(Requirement) Write out nothing but the lines from the one containing "Dresser, guitar, vacuum" through the last line below, both included, and without the pictures.

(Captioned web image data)
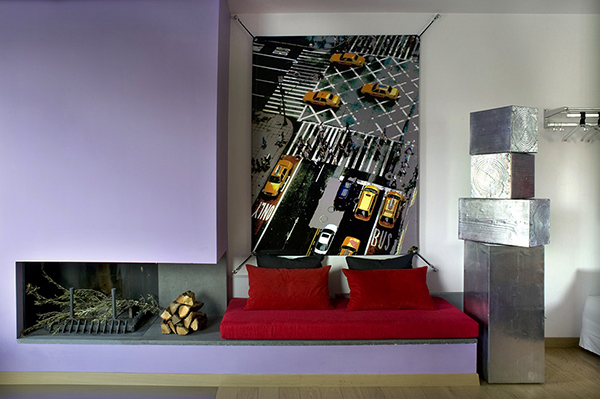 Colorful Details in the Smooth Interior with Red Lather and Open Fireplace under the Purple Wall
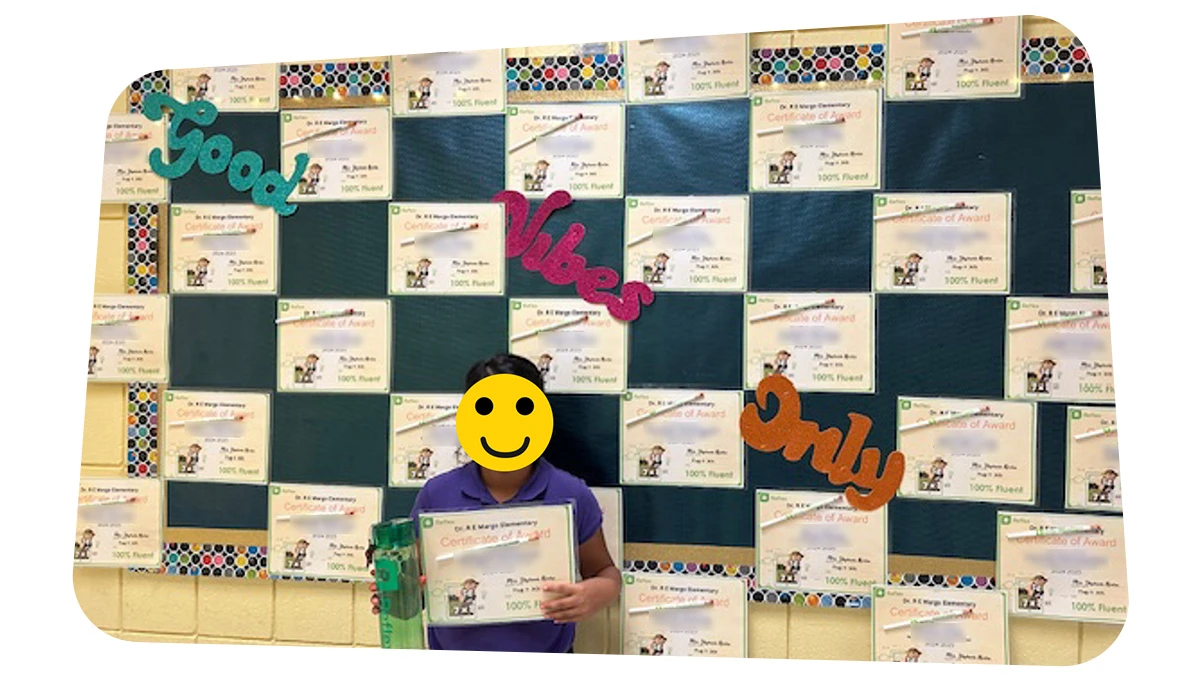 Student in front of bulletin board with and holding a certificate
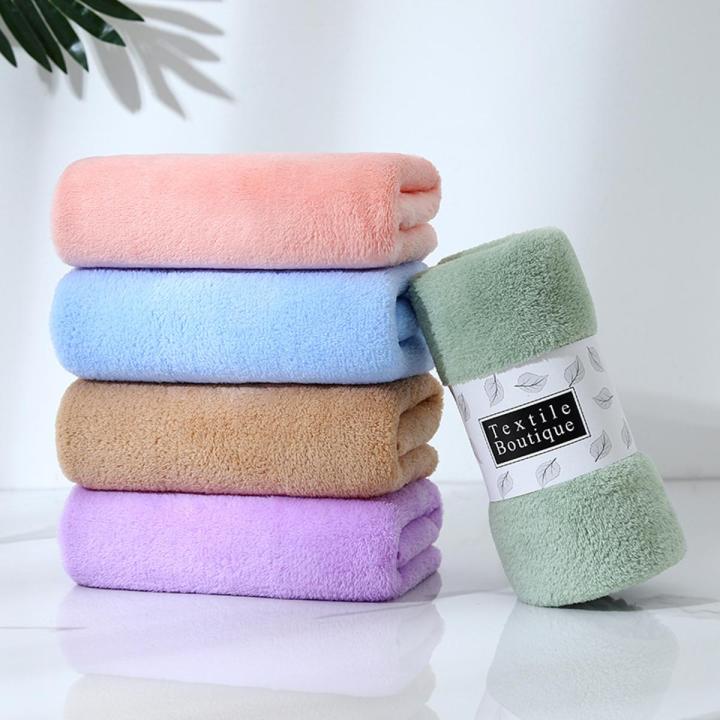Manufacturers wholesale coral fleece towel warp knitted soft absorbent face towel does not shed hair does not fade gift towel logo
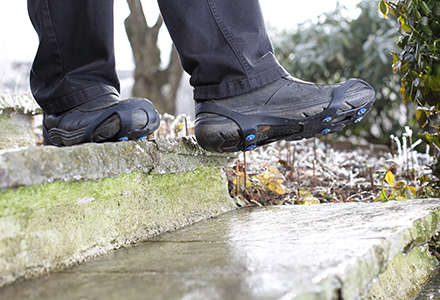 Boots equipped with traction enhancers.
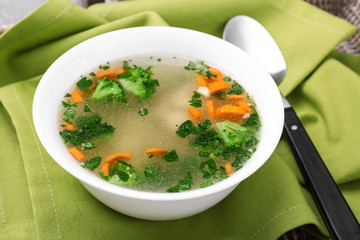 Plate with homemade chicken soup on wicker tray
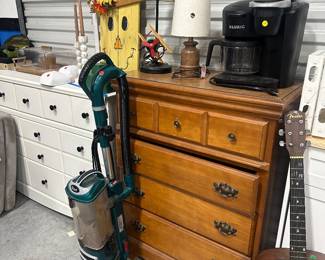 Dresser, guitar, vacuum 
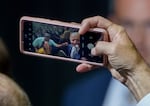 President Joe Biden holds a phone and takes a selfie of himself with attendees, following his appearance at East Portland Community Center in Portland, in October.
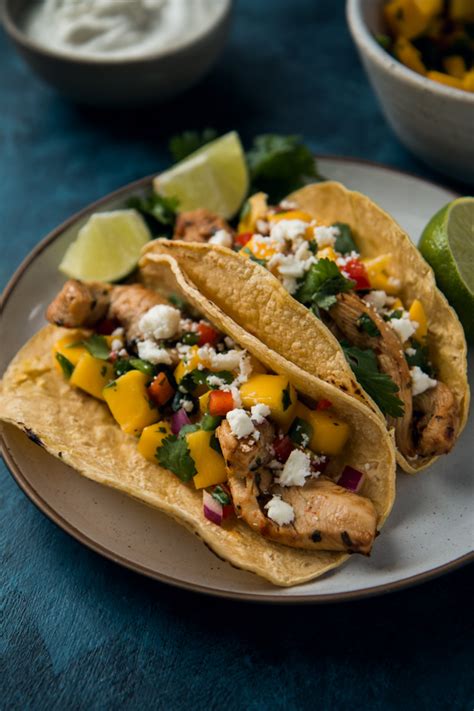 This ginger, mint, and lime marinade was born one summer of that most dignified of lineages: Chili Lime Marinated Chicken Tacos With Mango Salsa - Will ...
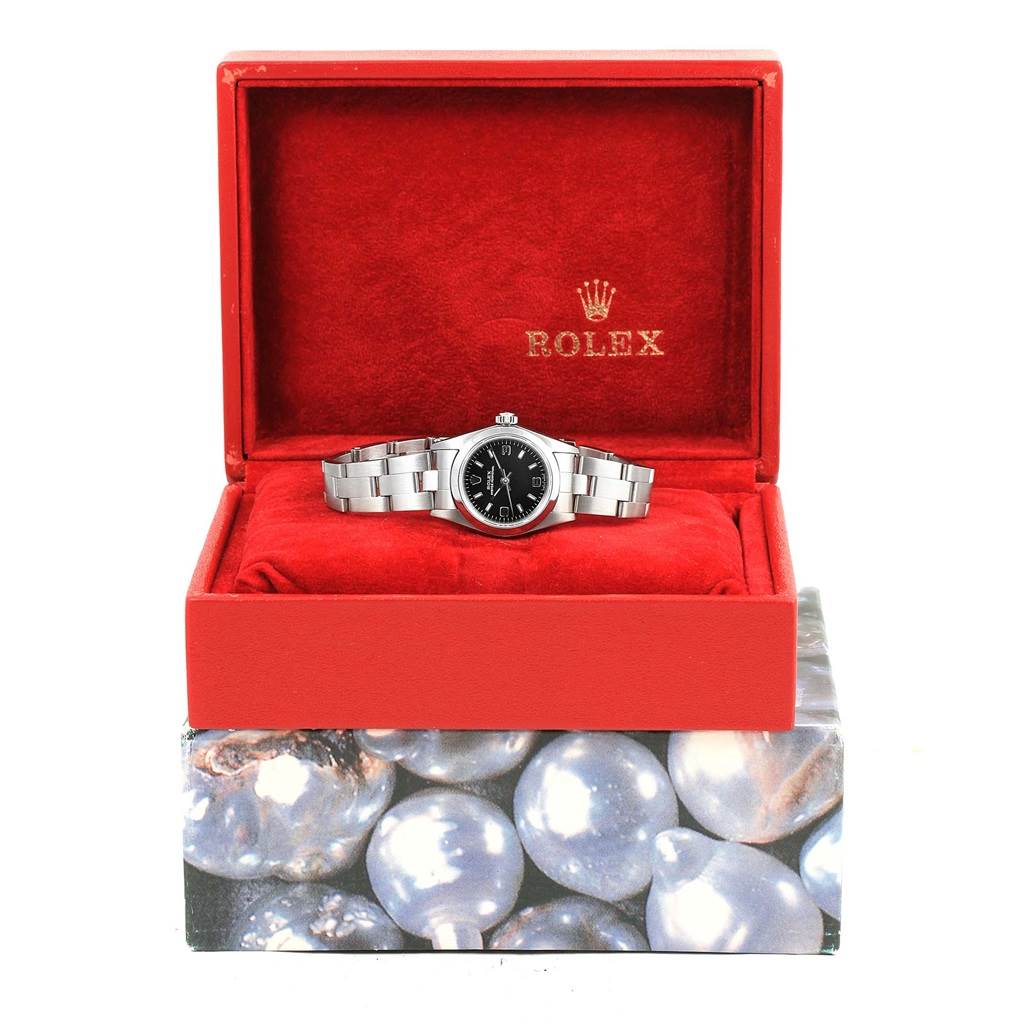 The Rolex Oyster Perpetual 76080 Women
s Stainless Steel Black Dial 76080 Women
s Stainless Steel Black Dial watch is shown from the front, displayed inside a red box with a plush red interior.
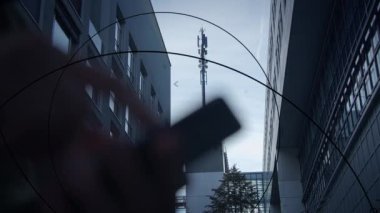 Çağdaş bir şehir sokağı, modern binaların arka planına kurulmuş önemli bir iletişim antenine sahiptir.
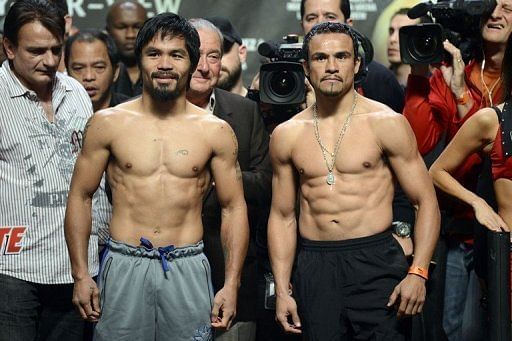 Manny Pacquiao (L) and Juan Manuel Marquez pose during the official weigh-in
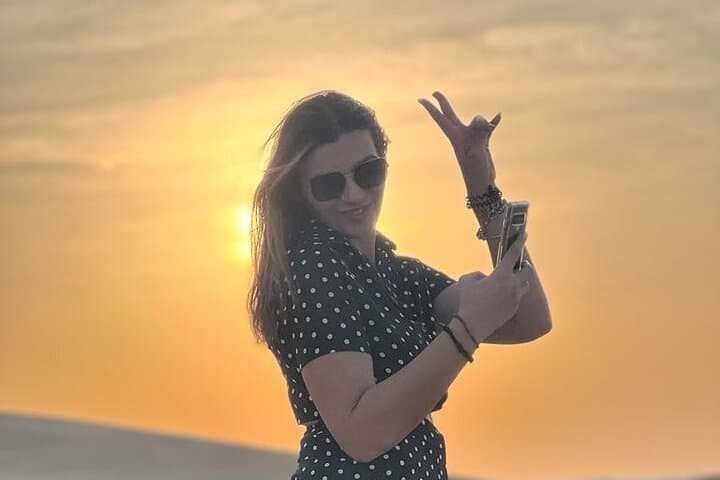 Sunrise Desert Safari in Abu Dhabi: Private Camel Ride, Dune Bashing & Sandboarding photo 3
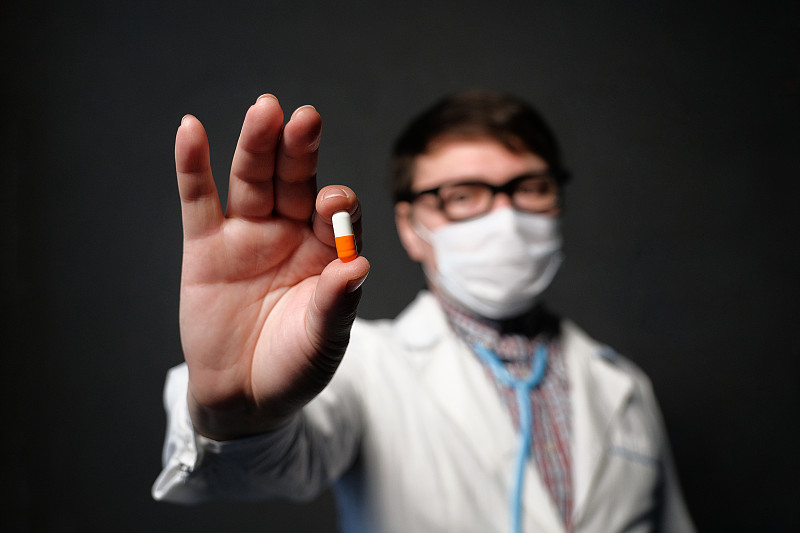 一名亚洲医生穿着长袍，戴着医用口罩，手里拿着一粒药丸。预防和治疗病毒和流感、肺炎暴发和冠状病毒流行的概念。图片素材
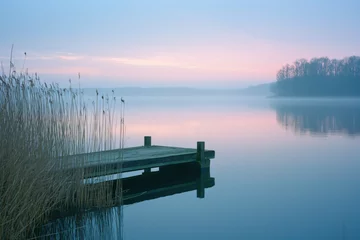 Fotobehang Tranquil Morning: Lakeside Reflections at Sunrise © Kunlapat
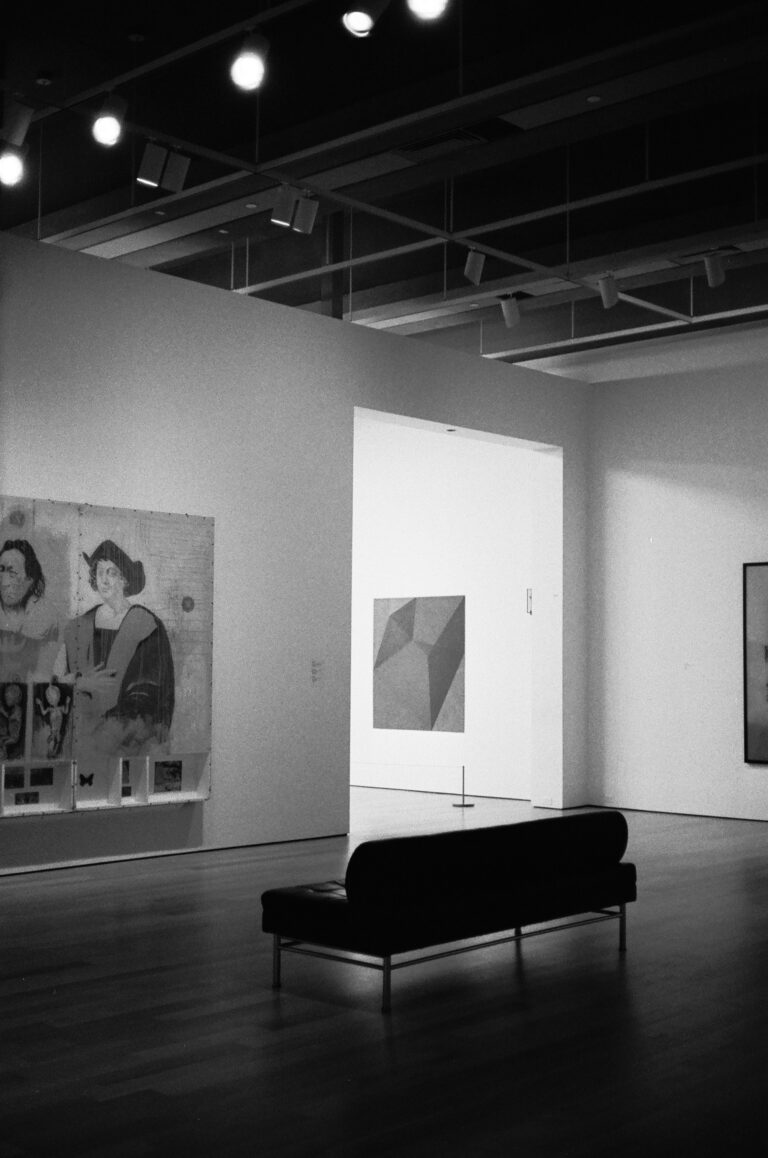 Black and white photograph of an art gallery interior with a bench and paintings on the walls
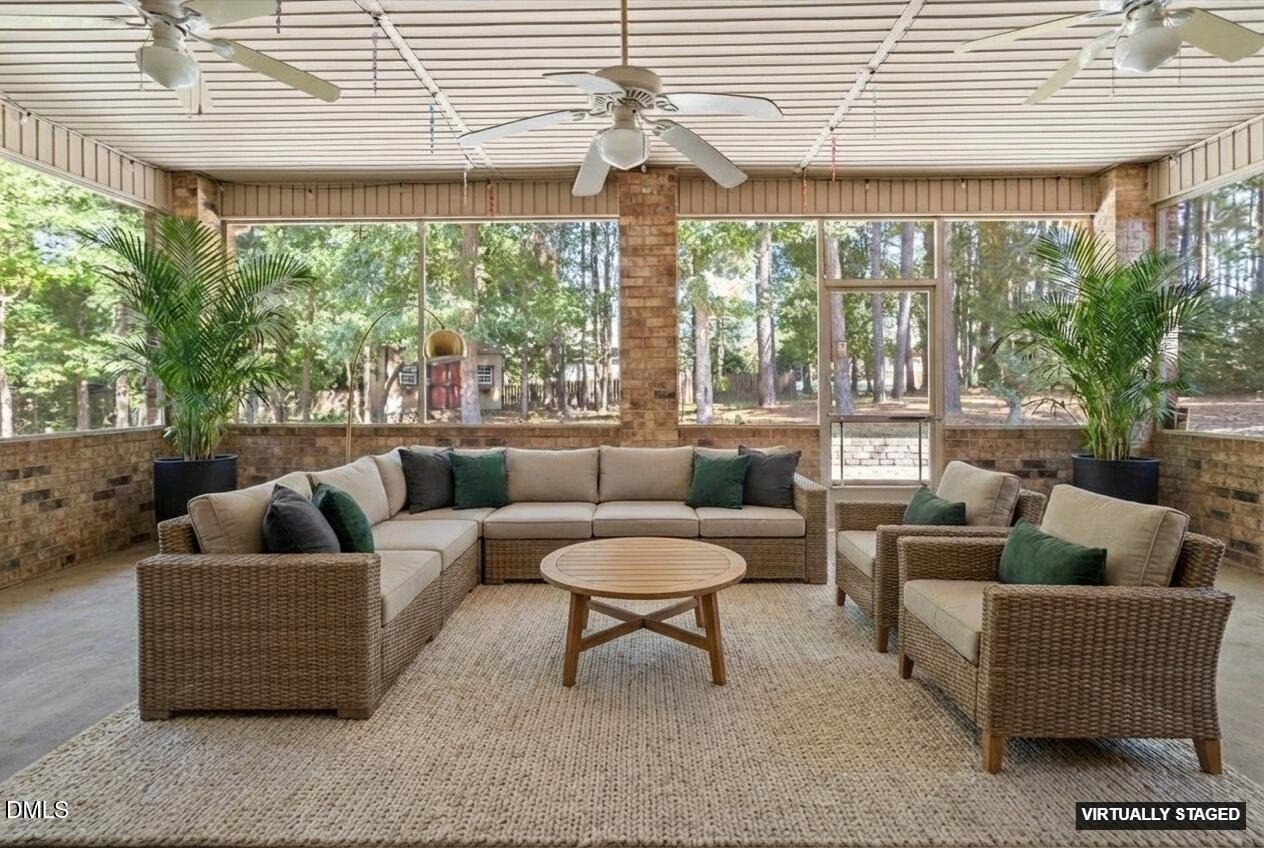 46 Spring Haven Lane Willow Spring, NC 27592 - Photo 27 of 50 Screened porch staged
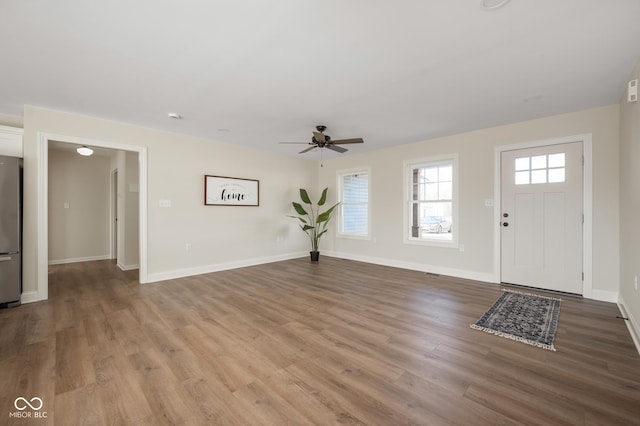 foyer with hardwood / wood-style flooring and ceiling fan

(Task output)
 Dresser, guitar, vacuum 
 President Joe Biden holds a phone and takes a selfie of himself with attendees, following his appearance at East Portland Community Center in Portland, in October.
 This ginger, mint, and lime marinade was born one summer of that most dignified of lineages: Chili Lime Marinated Chicken Tacos With Mango Salsa - Will ...
 The Rolex Oyster Perpetual 76080 Women
s Stainless Steel Black Dial 76080 Women
s Stainless Steel Black Dial watch is shown from the front, displayed inside a red box with a plush red interior.
 Çağdaş bir şehir sokağı, modern binaların arka planına kurulmuş önemli bir iletişim antenine sahiptir.
 Manny Pacquiao (L) and Juan Manuel Marquez pose during the official weigh-in
 Sunrise Desert Safari in Abu Dhabi: Private Camel Ride, Dune Bashing & Sandboarding photo 3
 一名亚洲医生穿着长袍，戴着医用口罩，手里拿着一粒药丸。预防和治疗病毒和流感、肺炎暴发和冠状病毒流行的概念。图片素材
 Fotobehang Tranquil Morning: Lakeside Reflections at Sunrise © Kunlapat
 Black and white photograph of an art gallery interior with a bench and paintings on the walls
 46 Spring Haven Lane Willow Spring, NC 27592 - Photo 27 of 50 Screened porch staged
 foyer with hardwood / wood-style flooring and ceiling fan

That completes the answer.